>>>

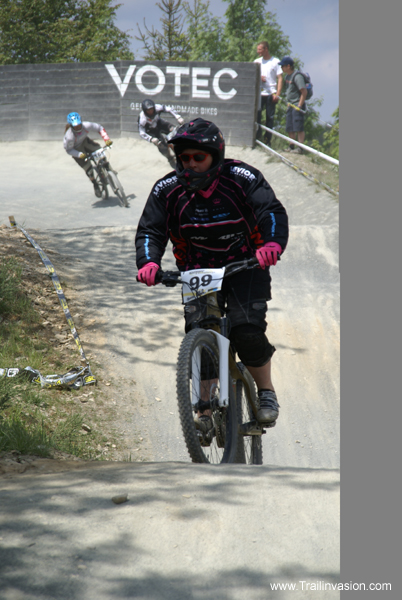 Trailinvasion_DMF (12)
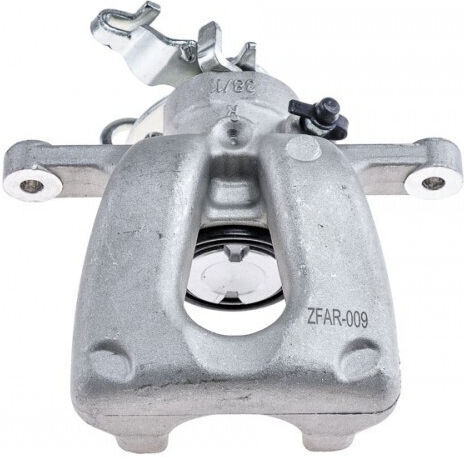 Bremssättel Alfa Romeo 159 2005-2012 1.8l Limousine Alfa Romeo 159 2005-2012 2.2l Limousine Alfa Romeo 159 2005-2012 1.9l Limousine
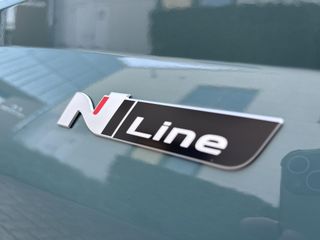 Voertuigafbeelding 22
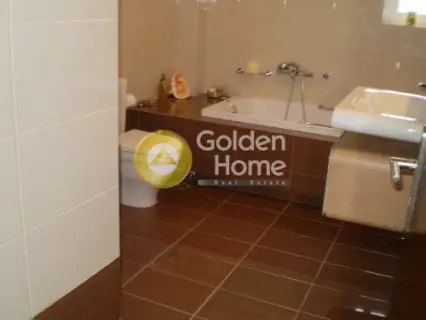 Floor Maisonette 154m<sup>2</sup> for sale photo 11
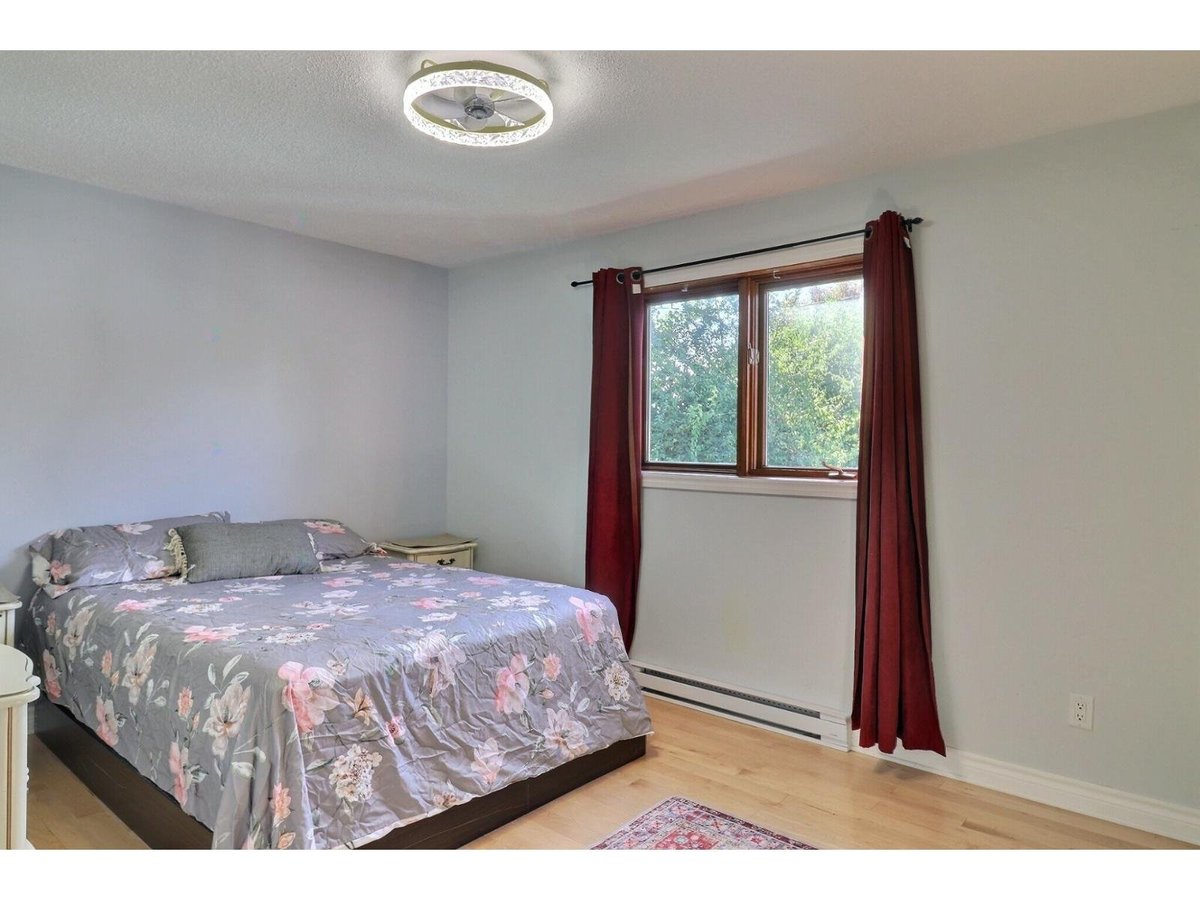 75 Av. des Camélias - Photo 12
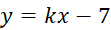 08005tm8-d600-111x30.png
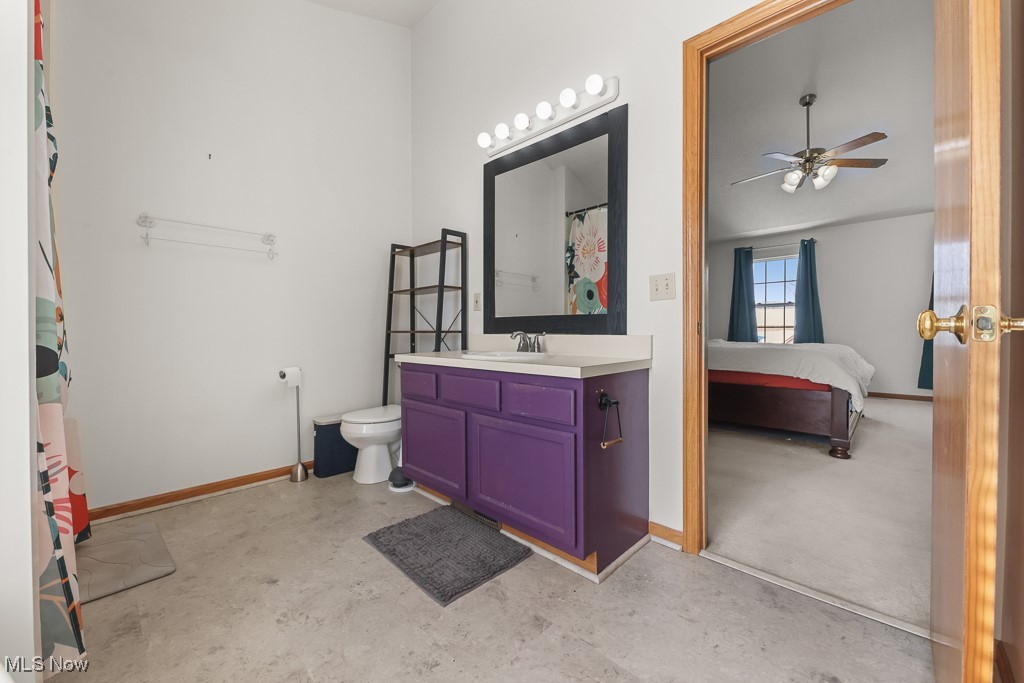 Laurel Glen Ph 01b - Residential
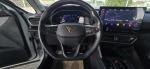 cupra-formentor-e-hybrid-2022-gasolina-1395cc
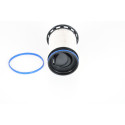 Filtre à carburant BOSCH F 026 402 207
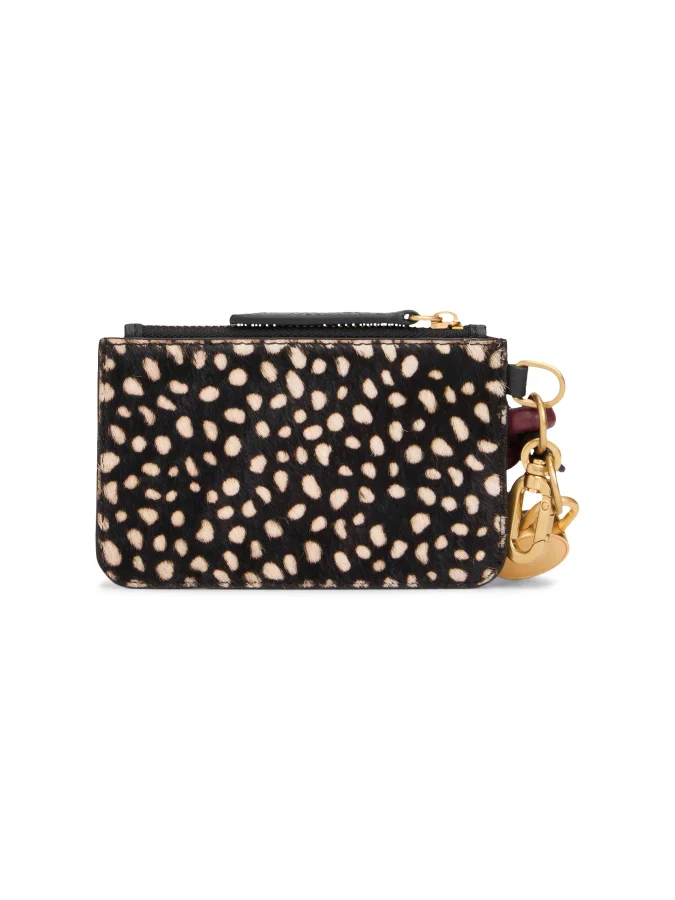 Tommy Hilfiger - MULTI... 2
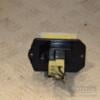 Резистор печки Subaru Legacy (B14) 2009-2015 0778001070 441666 - 4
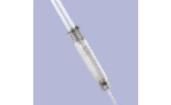 DRR-DTH-50-80 Magnetic/Reed Switches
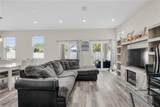 2404 Cassell - Photo 10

<<<

* [INSTRUCTIONS TO FOLLOW]: The lines from the one containing "Voertuigafbeelding 22" to the final line of the material, both ends included, should be retyped exactly and alone, with no pictures.

* [PROBLEM SOLUTION]:
 Voertuigafbeelding 22
 Floor Maisonette 154m<sup>2</sup> for sale photo 11
 75 Av. des Camélias - Photo 12
 08005tm8-d600-111x30.png
 Laurel Glen Ph 01b - Residential
 cupra-formentor-e-hybrid-2022-gasolina-1395cc
 Filtre à carburant BOSCH F 026 402 207
 Tommy Hilfiger - MULTI... 2
 Резистор печки Subaru Legacy (B14) 2009-2015 0778001070 441666 - 4
 DRR-DTH-50-80 Magnetic/Reed Switches
 2404 Cassell - Photo 10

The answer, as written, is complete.